Media Release

TA Doorstop

Subjects: Solar hot water rebate; Julia Gillard's carbon tax; Julia Gillard's mining tax; Queensland state election; Fair Work Australia.

EO&E..............................................................................................................................................................

TONY ABBOTT:

I'd like to thank Jeff and Helen of Pure Solar for making Greg Hunt and me so welcome today. This is one of the hundreds of small businesses which have been left in the lurch by the Government's precipitate closure of the solar rebate scheme. Now, this is typical of a government which just doesn't get it when it comes to business. Business needs certainty. They thought they had the scheme until the 30th of June. The Government capriciously and arbitrarily closed the scheme down at the end of February and as you can see, warehouses that were once full are now empty, tradesmen who were once busy and now idle and this is all because we have a government which just doesn't get it when it comes to business. This is a government which has form again and again and again when it comes to pulling the rug out from under small business. They did it with roof batts, they did it with the live cattle trade, now they've done it with solar. This is not the first time they've done it with solar, but they've done it again with solar.
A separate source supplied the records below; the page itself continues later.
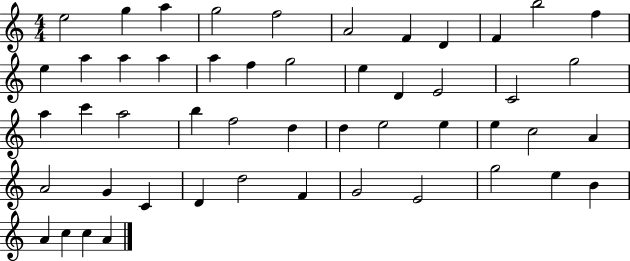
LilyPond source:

{
  \clef treble
  \numericTimeSignature
  \time 4/4
  \key c \major
  e''2 g''4 a''4 | g''2 f''2 | a'2 f'4 d'4 | f'4 b''2 f''4 | \break e''4 a''4 a''4 a''4 | a''4 f''4 g''2 | e''4 d'4 e'2 | c'2 g''2 | \break a''4 c'''4 a''2 | b''4 f''2 d''4 | d''4 e''2 e''4 | e''4 c''2 a'4 | \break a'2 g'4 c'4 | d'4 d''2 f'4 | g'2 e'2 | g''2 e''4 b'4 | \break a'4 c''4 c''4 a'4 | \bar "|."
}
Today we also have more bad news about the toxic tax, more bad news about the carbon tax. Every day Australians get more bad news about the carbon tax. We learn today that there is modelling in South Australia to show that in its first year of operation, the carbon tax will cost 1,500 jobs. This carbon tax is a reverse tariff on Australian jobs. The carbon tax is a reverse tariff because it makes jobs in Australia less sustainable. It makes jobs in Australia less economic. It makes jobs in other countries more sustainable and more economic and that is why I say the carbon tax is such an act of economic self-harm and if the Prime minister is serious about helping small business, the first thing she should be doing is scrapping the toxic tax which is acting like a reverse tariff on Australian jobs.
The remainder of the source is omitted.